Nothing but the lines below from the one holding "Load image into" up to and including the one holding "男士冬季时尚百搭加棉保暖防风休闲带帽棉衣棉服米白色2XL" should be copied, exactly and without pictures.

BEGIN Data excerpts

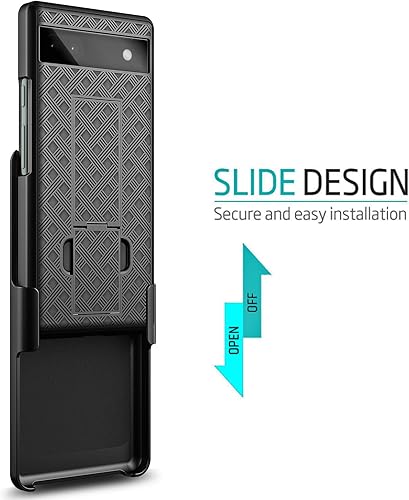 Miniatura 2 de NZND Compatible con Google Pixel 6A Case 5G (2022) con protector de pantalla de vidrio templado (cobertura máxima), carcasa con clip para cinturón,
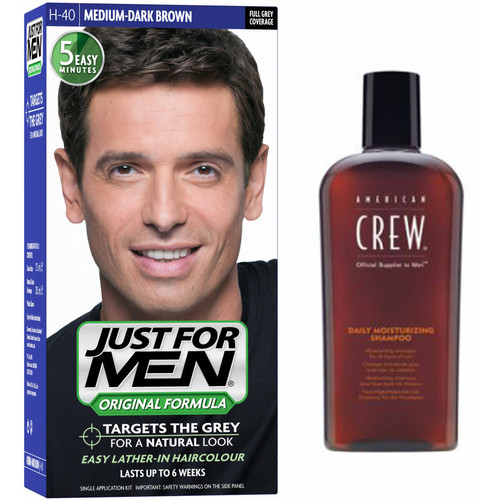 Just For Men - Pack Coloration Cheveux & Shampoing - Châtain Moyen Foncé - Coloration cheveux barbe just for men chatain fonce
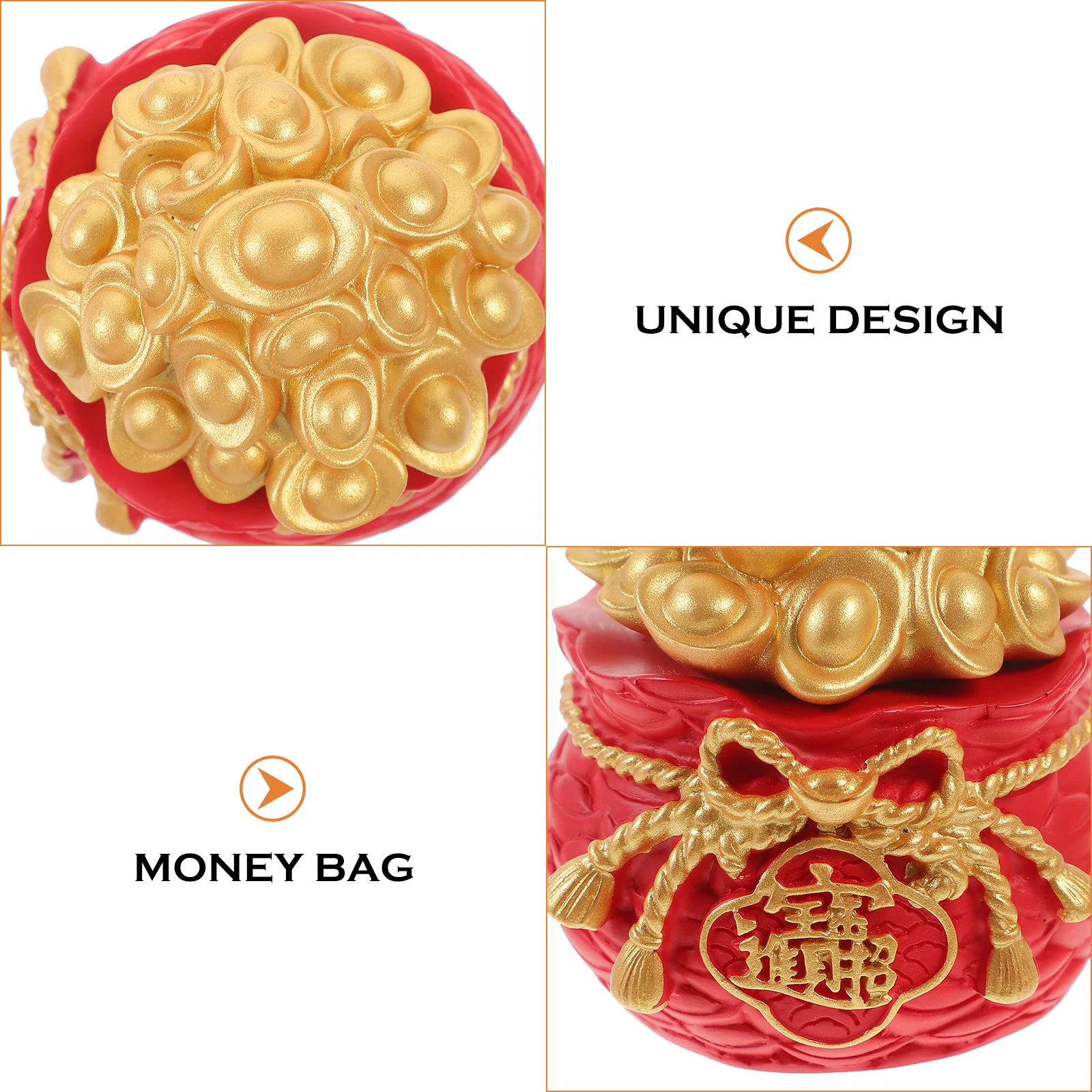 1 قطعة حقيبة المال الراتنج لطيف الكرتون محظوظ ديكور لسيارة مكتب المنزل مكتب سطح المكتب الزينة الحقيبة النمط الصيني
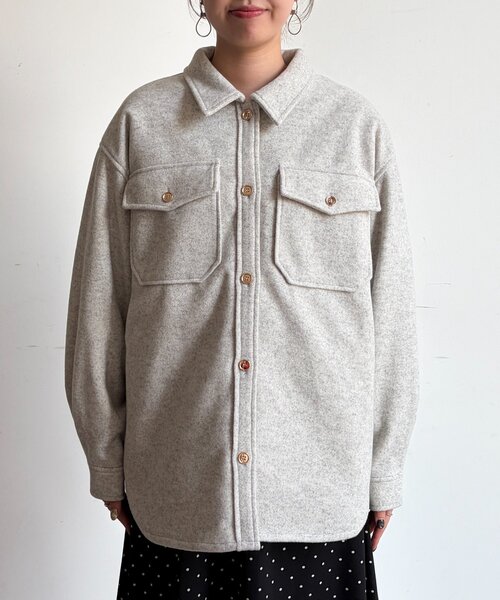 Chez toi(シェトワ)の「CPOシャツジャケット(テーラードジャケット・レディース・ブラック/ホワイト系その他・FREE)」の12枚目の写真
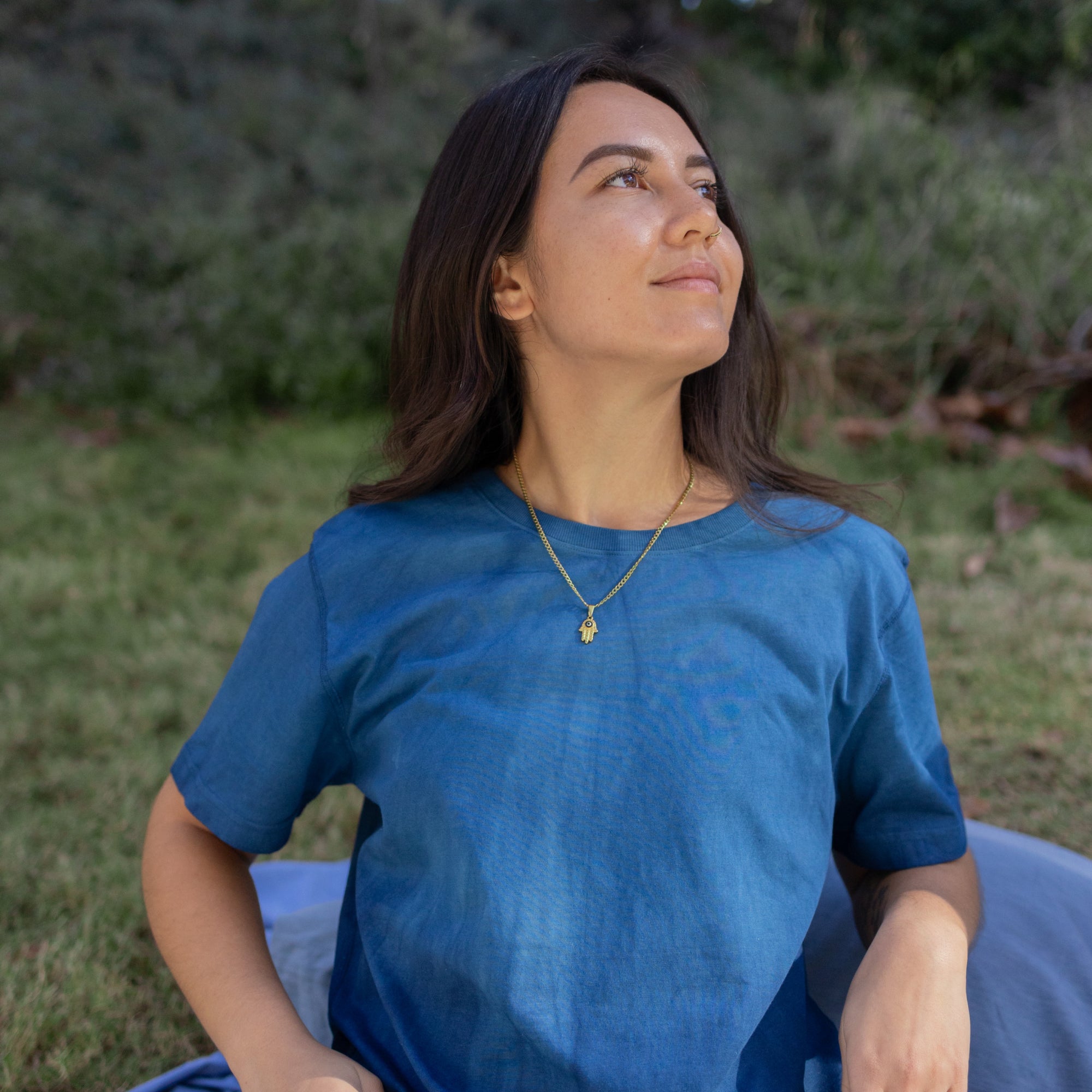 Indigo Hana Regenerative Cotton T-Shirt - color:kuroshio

END Data excerpts
BEGIN Data excerpts

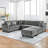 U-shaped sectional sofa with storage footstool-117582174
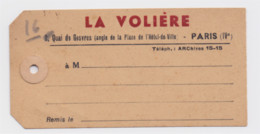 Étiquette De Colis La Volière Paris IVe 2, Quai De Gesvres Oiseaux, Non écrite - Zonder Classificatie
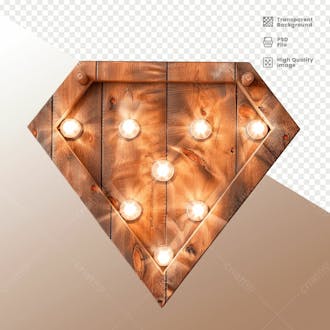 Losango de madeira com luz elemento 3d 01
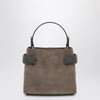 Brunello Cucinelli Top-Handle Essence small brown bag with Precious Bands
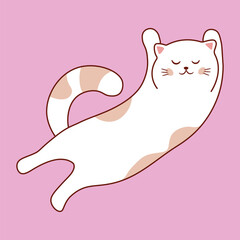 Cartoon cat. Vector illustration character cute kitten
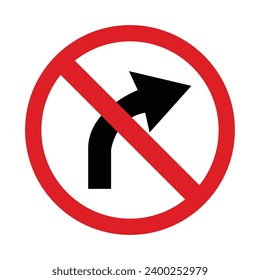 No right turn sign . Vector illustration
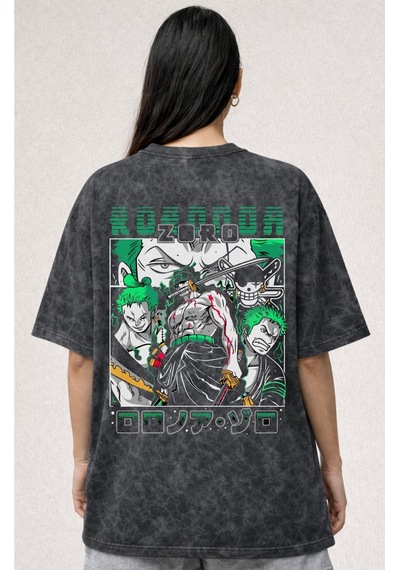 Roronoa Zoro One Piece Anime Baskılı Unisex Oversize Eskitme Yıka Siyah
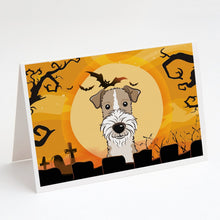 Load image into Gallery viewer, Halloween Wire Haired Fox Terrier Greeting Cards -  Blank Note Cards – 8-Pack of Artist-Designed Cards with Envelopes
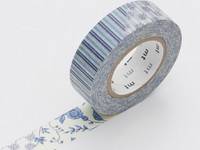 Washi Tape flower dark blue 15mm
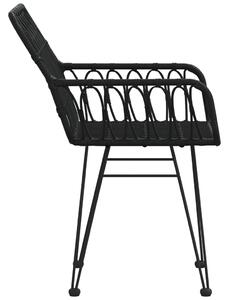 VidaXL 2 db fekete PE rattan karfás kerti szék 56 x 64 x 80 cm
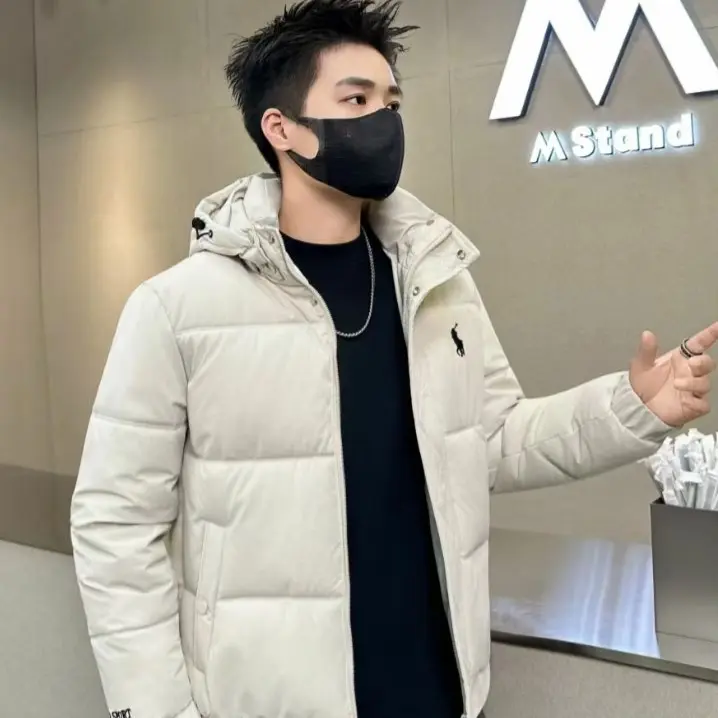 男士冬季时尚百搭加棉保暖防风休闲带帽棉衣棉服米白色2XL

END Data excerpts

• _Your solution_
 Load image into Gallery viewer, Halloween Wire Haired Fox Terrier Greeting Cards -  Blank Note Cards – 8-Pack of Artist-Designed Cards with Envelopes
 Washi Tape flower dark blue 15mm
 VidaXL 2 db fekete PE rattan karfás kerti szék 56 x 64 x 80 cm
 男士冬季时尚百搭加棉保暖防风休闲带帽棉衣棉服米白色2XL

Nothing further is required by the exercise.